Coda File System

Re: Unable to do beginrepair...

From: Greg Troxel <gdt_at_ir.bbn.com>
Date: 12 Dec 2002 09:32:09 -0500
Not much spam and no gnutella, but probably a web browser open on
the weather page that updates occasionally.

IPsec speed should be ok; server is a PPro-200 and client a Pentium IV
2GHz, which should be able to keep up (doing AES and HMAC-SHA1).
Seriously, it's not the cpu speed, although there could be hiccups
during SA renegotiation (but I don't think so).

  If global is a symlink to the volumeid, the client hasn't been able to
  mount the volume. Perhaps it timed out during the volume lookup or
  something. Another reason would be a server-server conflict, but as you
  only have a single server that probably isn't the case.

This seemed to persist, even though I could do 'cfs lv'.  My real
problem isn't that something bad happened, it's that I could not
recover.

  Yup, norton is only a server thing. 'cfs fl' is in many cases an evil
  operation, it flushes the data of cached objects in the specified
  subtree. It shouldn't touch 'dirty' objects (i.e. the ones with
  associated CML entries), but you never know.

So really 'cfs fl' should only discard cached data that is still in
the 'read-only' state, and thus should be safe at any time.  If not,
it probably should be fixed.

  cfs fl is mostly useful for debugging, it can be used to push an object
  out of the cache, so that I can test or time the fetching of an object.

sure, so I was doing the wrong thing with it, but still it should not
have caused trouble.

  The CML is an ordered log, and you cannot simply kill an entry within
  the log.

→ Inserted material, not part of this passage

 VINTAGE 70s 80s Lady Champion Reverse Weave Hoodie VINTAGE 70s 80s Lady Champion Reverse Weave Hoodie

The only possible operations are by stepping through the
  operations with 'repair', or 'cfs purgeml'. Maybe you could try
  'removeinc', I know someone here tried to make that work for
  local-global conflicts, but I'm not sure it ever worked.

I should have tried purgeml, but given that I had a 'local
inconsistent object' I bet it would not have worked.  Perhaps there
should be some way to drop the head entry off the CML, which seems to
be analogous to 'discardlocal' in repair.  So maybe there is, and the
problem is that entering repair mode can fail.  In my book, entering
repair mode should succeed any time there is a conflict.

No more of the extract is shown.